> _Exercise prompt_: Repeat nothing but the lines below running from the one containing "Ladies Cropped Oversized High Neck Crew" to the one containing "Wonder Woman in Genshin Impact Style". Keep both end lines.

Items listed in a dataset
————————

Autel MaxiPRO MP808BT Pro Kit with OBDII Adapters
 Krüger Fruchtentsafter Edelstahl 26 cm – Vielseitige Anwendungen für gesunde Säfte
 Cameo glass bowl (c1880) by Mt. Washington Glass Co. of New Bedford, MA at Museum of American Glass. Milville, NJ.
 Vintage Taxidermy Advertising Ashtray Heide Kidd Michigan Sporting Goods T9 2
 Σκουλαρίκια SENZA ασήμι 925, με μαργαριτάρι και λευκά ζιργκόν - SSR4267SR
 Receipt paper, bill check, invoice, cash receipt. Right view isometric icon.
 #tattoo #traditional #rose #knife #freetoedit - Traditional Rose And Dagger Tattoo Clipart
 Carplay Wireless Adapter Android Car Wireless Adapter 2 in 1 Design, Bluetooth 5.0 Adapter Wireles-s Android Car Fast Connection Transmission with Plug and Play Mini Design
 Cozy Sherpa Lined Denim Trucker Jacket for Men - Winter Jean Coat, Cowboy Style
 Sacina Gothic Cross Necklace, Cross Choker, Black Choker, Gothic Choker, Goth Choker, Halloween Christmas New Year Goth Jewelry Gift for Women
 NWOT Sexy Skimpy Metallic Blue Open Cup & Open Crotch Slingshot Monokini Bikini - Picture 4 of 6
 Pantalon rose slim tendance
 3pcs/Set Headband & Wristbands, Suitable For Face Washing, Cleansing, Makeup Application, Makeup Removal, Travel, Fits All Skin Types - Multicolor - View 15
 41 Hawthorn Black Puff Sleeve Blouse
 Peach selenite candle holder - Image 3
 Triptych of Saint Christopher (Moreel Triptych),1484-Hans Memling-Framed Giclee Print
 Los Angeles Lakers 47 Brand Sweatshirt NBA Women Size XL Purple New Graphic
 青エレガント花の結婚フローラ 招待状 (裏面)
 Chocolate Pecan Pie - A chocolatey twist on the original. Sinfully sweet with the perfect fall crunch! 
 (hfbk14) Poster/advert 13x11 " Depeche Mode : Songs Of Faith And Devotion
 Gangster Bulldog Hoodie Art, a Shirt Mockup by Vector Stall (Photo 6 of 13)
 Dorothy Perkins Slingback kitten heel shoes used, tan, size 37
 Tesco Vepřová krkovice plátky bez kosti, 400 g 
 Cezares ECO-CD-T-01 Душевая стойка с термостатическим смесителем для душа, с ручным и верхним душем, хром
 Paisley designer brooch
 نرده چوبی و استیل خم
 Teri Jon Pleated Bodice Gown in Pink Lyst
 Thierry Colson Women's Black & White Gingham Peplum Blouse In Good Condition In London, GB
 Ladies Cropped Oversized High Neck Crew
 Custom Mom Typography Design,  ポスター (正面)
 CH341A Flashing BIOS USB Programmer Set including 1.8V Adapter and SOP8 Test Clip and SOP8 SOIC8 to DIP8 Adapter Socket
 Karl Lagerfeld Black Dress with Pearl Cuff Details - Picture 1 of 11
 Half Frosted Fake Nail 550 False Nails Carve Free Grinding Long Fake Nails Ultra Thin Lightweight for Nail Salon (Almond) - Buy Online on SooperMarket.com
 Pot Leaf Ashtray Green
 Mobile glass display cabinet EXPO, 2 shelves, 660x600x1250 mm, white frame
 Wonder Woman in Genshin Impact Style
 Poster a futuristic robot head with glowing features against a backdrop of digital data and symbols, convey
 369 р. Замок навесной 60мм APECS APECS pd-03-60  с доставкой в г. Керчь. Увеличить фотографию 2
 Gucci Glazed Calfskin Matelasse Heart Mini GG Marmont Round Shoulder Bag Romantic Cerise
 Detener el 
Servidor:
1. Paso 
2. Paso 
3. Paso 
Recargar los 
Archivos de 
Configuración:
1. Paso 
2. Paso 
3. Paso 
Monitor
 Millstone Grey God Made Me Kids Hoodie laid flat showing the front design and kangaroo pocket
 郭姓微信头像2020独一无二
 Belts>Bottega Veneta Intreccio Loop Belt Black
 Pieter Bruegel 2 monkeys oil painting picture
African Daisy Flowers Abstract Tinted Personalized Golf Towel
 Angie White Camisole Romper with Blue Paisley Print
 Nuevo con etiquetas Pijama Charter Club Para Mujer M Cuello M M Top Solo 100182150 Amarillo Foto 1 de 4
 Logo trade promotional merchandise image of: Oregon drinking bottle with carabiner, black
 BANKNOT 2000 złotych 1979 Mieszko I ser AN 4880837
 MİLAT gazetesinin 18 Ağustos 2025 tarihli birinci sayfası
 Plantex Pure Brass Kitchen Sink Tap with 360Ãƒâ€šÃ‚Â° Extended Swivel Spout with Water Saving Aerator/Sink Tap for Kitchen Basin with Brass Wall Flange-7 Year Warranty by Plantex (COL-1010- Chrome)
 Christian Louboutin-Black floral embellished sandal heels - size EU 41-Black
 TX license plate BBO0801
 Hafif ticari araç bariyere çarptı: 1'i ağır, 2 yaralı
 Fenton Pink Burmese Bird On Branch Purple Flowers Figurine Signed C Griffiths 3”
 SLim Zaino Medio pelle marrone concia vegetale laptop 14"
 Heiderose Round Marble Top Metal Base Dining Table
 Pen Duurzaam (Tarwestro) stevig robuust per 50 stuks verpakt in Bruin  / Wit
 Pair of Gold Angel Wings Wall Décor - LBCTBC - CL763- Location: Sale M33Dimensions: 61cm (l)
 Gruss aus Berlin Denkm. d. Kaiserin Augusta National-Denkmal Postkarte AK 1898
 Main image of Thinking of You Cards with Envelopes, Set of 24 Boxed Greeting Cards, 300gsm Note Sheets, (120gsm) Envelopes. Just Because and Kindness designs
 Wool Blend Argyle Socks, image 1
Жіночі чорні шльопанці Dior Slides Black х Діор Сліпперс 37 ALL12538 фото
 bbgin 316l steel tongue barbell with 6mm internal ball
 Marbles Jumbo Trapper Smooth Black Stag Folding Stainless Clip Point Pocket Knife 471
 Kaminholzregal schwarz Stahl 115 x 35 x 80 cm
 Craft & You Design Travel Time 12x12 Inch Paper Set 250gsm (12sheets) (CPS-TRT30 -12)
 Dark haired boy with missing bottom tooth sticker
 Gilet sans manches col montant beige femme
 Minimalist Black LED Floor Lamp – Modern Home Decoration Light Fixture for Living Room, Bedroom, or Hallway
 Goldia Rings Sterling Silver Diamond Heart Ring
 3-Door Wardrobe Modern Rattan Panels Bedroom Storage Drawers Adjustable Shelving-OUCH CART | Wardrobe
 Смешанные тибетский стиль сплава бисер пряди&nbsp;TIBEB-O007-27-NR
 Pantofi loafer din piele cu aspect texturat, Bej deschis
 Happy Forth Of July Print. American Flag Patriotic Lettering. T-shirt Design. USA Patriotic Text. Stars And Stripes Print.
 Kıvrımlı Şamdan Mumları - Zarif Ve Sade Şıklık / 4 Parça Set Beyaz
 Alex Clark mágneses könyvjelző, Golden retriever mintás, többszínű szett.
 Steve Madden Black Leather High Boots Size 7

————————

> _Exercise result_:
 Ladies Cropped Oversized High Neck Crew
 Custom Mom Typography Design,  ポスター (正面)
 CH341A Flashing BIOS USB Programmer Set including 1.8V Adapter and SOP8 Test Clip and SOP8 SOIC8 to DIP8 Adapter Socket
 Karl Lagerfeld Black Dress with Pearl Cuff Details - Picture 1 of 11
 Half Frosted Fake Nail 550 False Nails Carve Free Grinding Long Fake Nails Ultra Thin Lightweight for Nail Salon (Almond) - Buy Online on SooperMarket.com
 Pot Leaf Ashtray Green
 Mobile glass display cabinet EXPO, 2 shelves, 660x600x1250 mm, white frame
 Wonder Woman in Genshin Impact Style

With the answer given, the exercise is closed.